With a father who was an architect and a formative education at the American University in Cairo, Jude developed an eye for architectural design early, and that sensibility runs directly through everything the brand has produced, with designs that straddle architectural styles, abstract shapes, and striking patterns brought to life through a fusion of materials and concepts. The pieces are sculptural without being unwearable, bold without being aggressive, and culturally specific without being exclusive, a balance that is genuinely difficult to strike in fashion jewellery, where the temptation toward either minimalism or maximalism tends to flatten everything in between. 

“Electra” Collection


She combines 925 sterling silver and gold-plated brass with colourful, custom-made resin stones and fluid calligraphy to create a striking blend of old and new, with each collection built around the journey of a modern woman through various experiences, a muse who realises her potential and pushes her limits, as Jude Benhalim’s collections do in tandem.


The resin stones are particularly distinctive, each one crafted and dyed by hand in the Cairo factory, which means no two pieces are ever entirely identical. That level of handcraft at a fashion jewellery price point is not common, and it is one of the reasons the brand has built the kind of loyal following that sustains a label across a decade and a half. 

The brand’s most famous trademark is interchangeability, a design innovation that allows wearers to transform a single piece into multiple configurations, giving each jewellery purchase longevity and versatility that directly challenges the disposable logic of fashion accessories. The interchangeable system is also a sustainability argument made in design language rather than marketing copy: buy less, keep longer, wear differently. 

Jude Benhalim Accessories in Emily In Paris

The Khan El-Khalili Connection


Khan El-Khalili bazaar is where Jude Benhalim started her path in jewellery making, and it is where she still draws inspiration from. The workshop situated in the bazaar is where all the designs come to life, and where a team of female artisans brings the sketches into physical form. The decision to keep the workshop inside one of Cairo’s oldest and most architecturally significant spaces is not merely practical; it connects the brand physically to the Egyptian craft tradition it draws from, and positions every piece as the product of a specific place rather than a generic manufacturing process.

Employing a talented team of female artisans has been a consistent commitment throughout the brand’s history, with Jude describing the opportunity to give women the chance to realise their potential and break societal limitations as one of the things she is most grateful for. The brand remains committed to supporting Egyptian labour, particularly women breadwinners, as it continues to grow, a commitment that has held across fifteen years and multiple phases of expansion without being reduced to a marketing position. 

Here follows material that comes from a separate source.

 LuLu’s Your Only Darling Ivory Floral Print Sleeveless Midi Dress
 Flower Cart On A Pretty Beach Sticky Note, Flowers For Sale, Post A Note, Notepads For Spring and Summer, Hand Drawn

The Sustainability Framework

The design house abides by a zero-waste policy and employs the use of locally sourced materials, hand-crafted to perfection, a framework built into the brand from the beginning rather than adopted in response to industry pressure. Jude Benhalim Jewelry is accustomed to recycling and reusing, ensuring all unused materials do not go to waste, and the resin-based material system, which allows offcuts and remnants to be reincorporated into new stones, means that the brand’s production cycle is genuinely circular rather than aspirational. 

Fifteen Years and What They Built

The brand is now distributed across Egypt, Dubai, Oman, and Bahrain, with ongoing expansion into international markets through trade exhibitions and digital channels. The pieces sit on the wrists and necks of women across the Arab world and beyond, women who found a brand that spoke to them in a language that was specific enough to feel personal and universal enough to cross borders.

Jude Benhalim started building something in Khan El-Khalili at seventeen with her mother beside her and a very clear idea of what jewellery could be: functional, sculptural, culturally grounded, and genuinely handmade in Cairo, and fifteen years later, she is still building the same thing, only bigger and with considerably more people watching.